Caption-style text data:
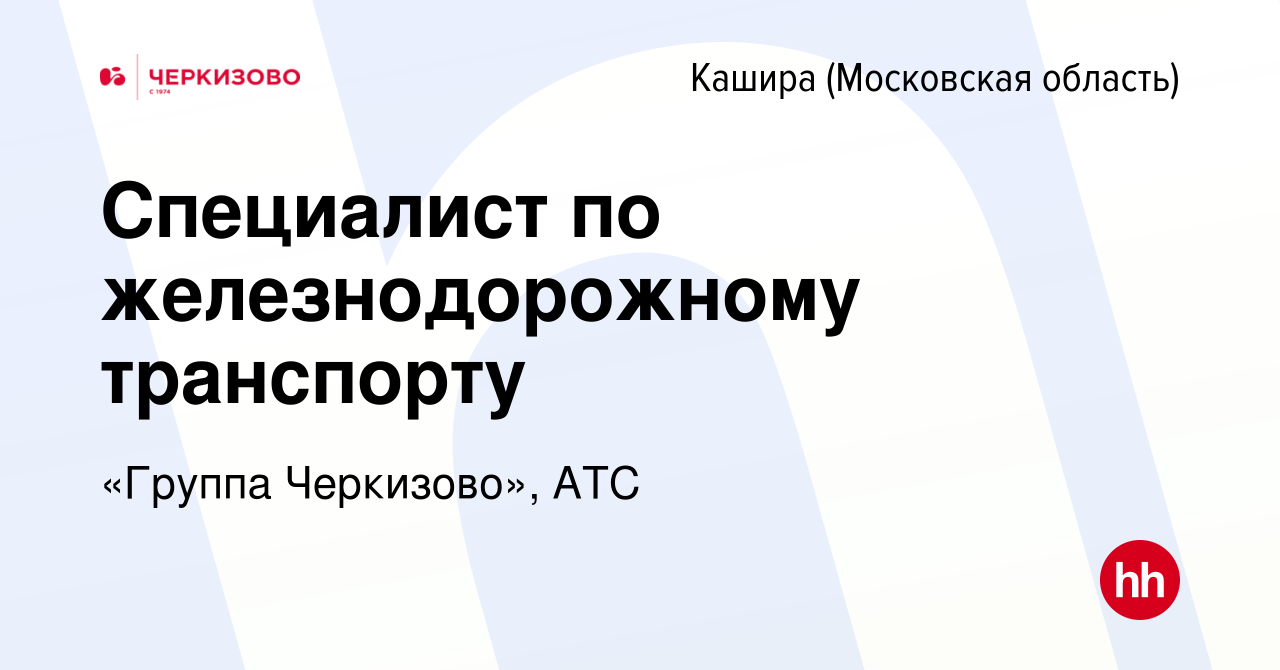 Вакансия Специалист по железнодорожному транспорту в Кашире, работа в  компании «Группа Черкизово», АТС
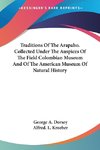 Traditions Of The Arapaho. Collected Under The Auspices Of The Field Colombian Museum And Of The American Museum Of Natural History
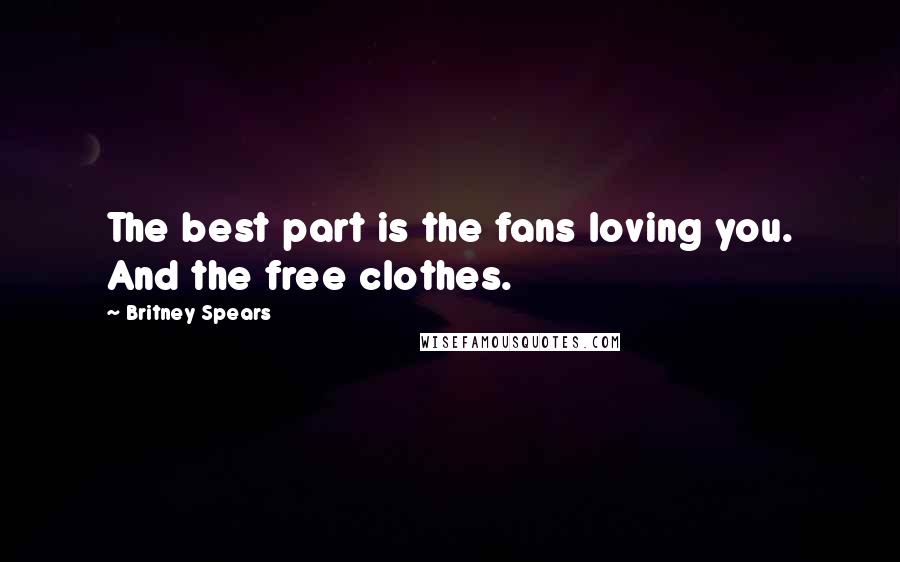 Britney Spears Quotes: The best part is the fans loving you. And the free clothes.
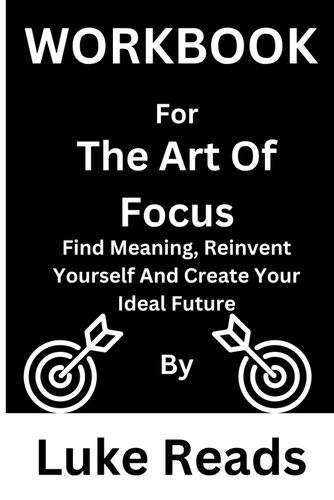 Workbook for the Art of Focus by Dan Koe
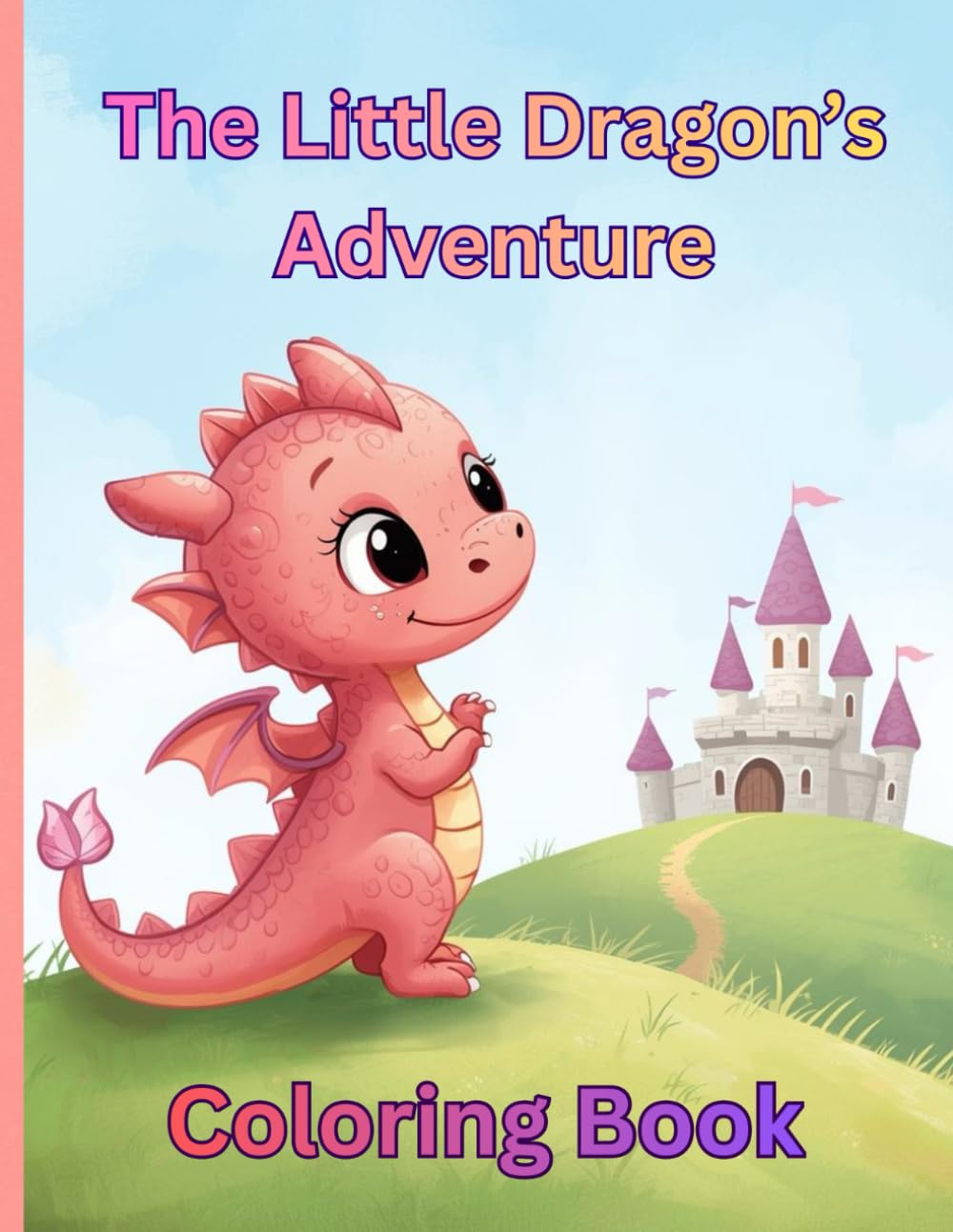 The Little Dragon’s Adventure (The Little Dragon Series)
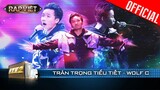 Wolf C nhắn gửi hãy Trân Trọng Tiểu Tiết | Rap Việt 2023 [Live Stage]
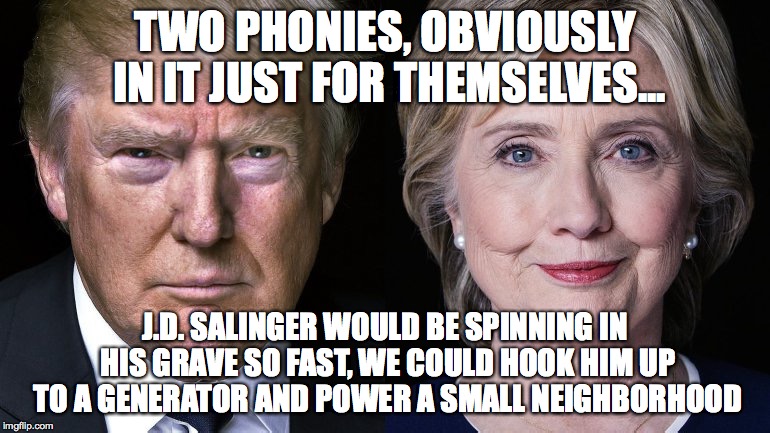 Catcher in the Rye reference...no regrets | TWO PHONIES, OBVIOUSLY IN IT JUST FOR THEMSELVES... J.D. SALINGER WOULD BE SPINNING IN HIS GRAVE SO FAST, WE COULD HOOK HIM UP TO A GENERATOR AND POWER A SMALL NEIGHBORHOOD | image tagged in donald trump and hillary clinton | made w/ Imgflip meme maker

Work instructions ::
Retype all the entries exactly; drop the pictures.

Problem solution ::
 Вакансия Специалист по железнодорожному транспорту в Кашире, работа в  компании «Группа Черкизово», АТС
 Traditions Of The Arapaho. Collected Under The Auspices Of The Field Colombian Museum And Of The American Museum Of Natural History
 Britney Spears Quotes: The best part is the fans loving you. And the free clothes.
 Workbook for the Art of Focus by Dan Koe
 The Little Dragon’s Adventure (The Little Dragon Series)
 Wolf C nhắn gửi hãy Trân Trọng Tiểu Tiết | Rap Việt 2023 [Live Stage]
 Catcher in the Rye reference...no regrets | TWO PHONIES, OBVIOUSLY IN IT JUST FOR THEMSELVES... J.D. SALINGER WOULD BE SPINNING IN HIS GRAVE SO FAST, WE COULD HOOK HIM UP TO A GENERATOR AND POWER A SMALL NEIGHBORHOOD | image tagged in donald trump and hillary clinton | made w/ Imgflip meme maker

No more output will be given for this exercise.